I'm looking to add a 'Listen to the Article' button on our website and need advice on how to host the audio files for this feature. We have over 60,000 articles from the last 25 years, and if we digitize from 1958, that number goes up to over 100,000. We also add around 40-50 new articles every week. While not every article will have an audio file, managing the hosting costs is a concern. I've considered using S3, but that could get pricey. Should I host the files locally and monitor bandwidth usage instead? Are there any audio-specific hosting providers that you would recommend, similar to podcast hosting? I'd appreciate any guidance you can share!
4 Answers
Have you thought about a client-side approach for generating audio? That way, it only creates the file when the button is clicked, saving storage and time on transcription. You could leverage an API for your preferred audio generation model.
How will you generate the audio files? Are you thinking of using an AI solution for that?
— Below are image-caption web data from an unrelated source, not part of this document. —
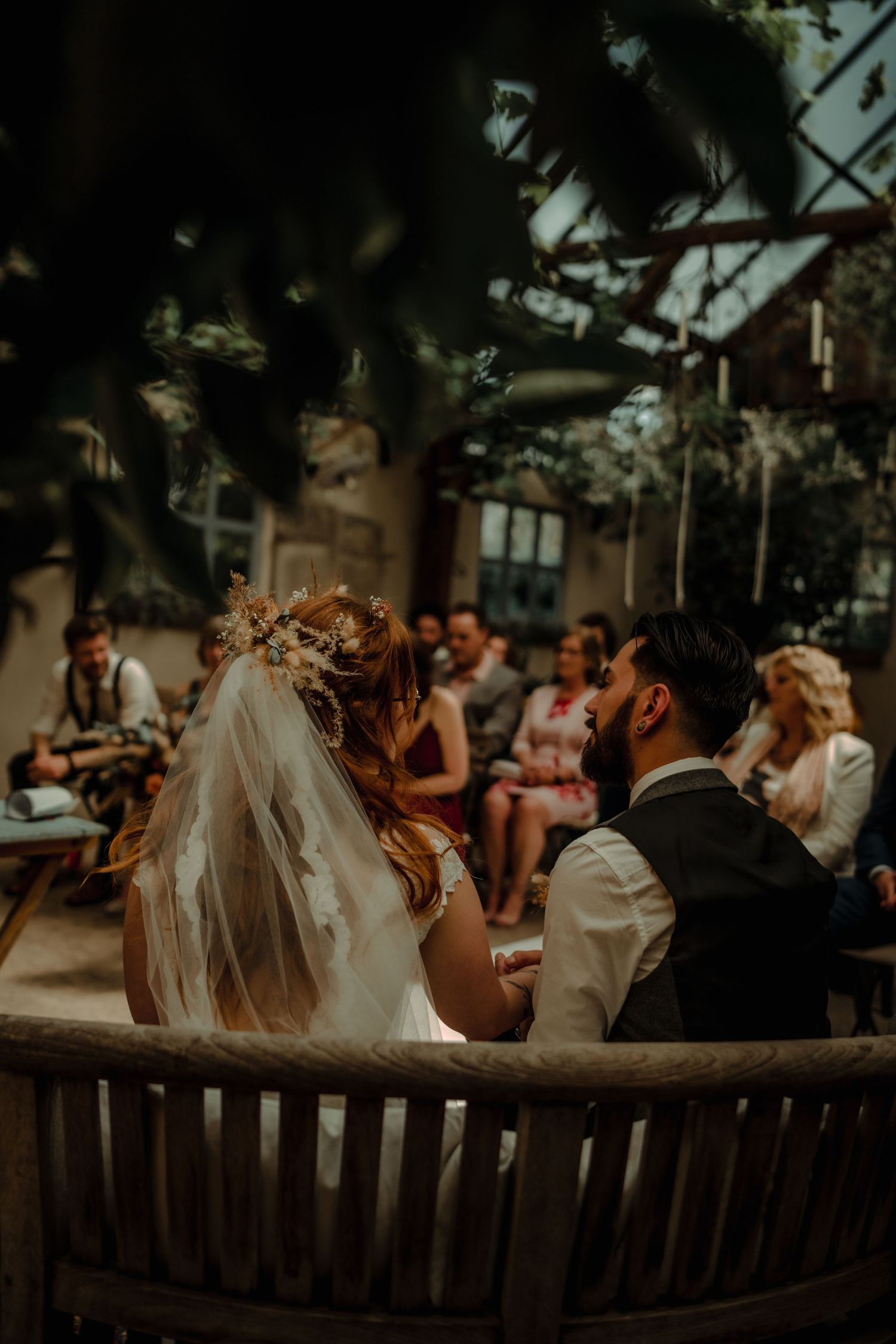 Wedding couple seated at rustic outdoor venue with floral crown and veil details.
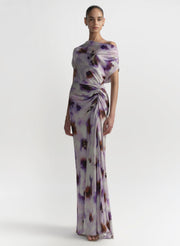 Woman wearing a floral one-shoulder gown on a white background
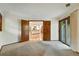 Bedroom showcasing kitchen view, carpet, and balcony door at 2960 Shadow Creek Dr # 201, Boulder, CO 80303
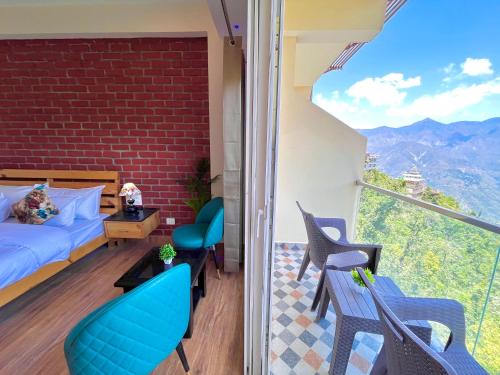 Habitación con balcón con 1 cama y sillas. en Hotel Pinerock & Cafe, Mussoorie - Mountain View Luxury Rooms with open Rooftop Cafe en Mussoorie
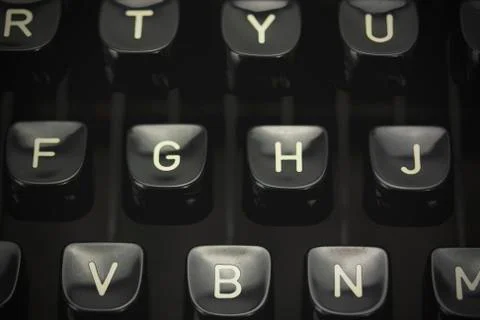 Close up of lettered keys on an old typewriter. Vintage filter applied. Stock Photos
You might want to check various storage providers for affordable options with decent speeds. S3 has different tiers, so you might find a balance between cost and reliability. Personally, I’d lean towards self-hosting, but securing offsite redundancy would be key given the volume of data you have. A good home network should manage it fine at first.
You could mount a separate storage volume on a server just for the audio files. That might help with management!
Consider Backblaze B2; it’s pretty cost-effective at $6 per TB monthly. Plus, if you route traffic through Cloudflare, you can avoid egress fees since they partner in the Bandwidth Alliance.

Yeah, probably AI, unless there's a unique aspect to the article.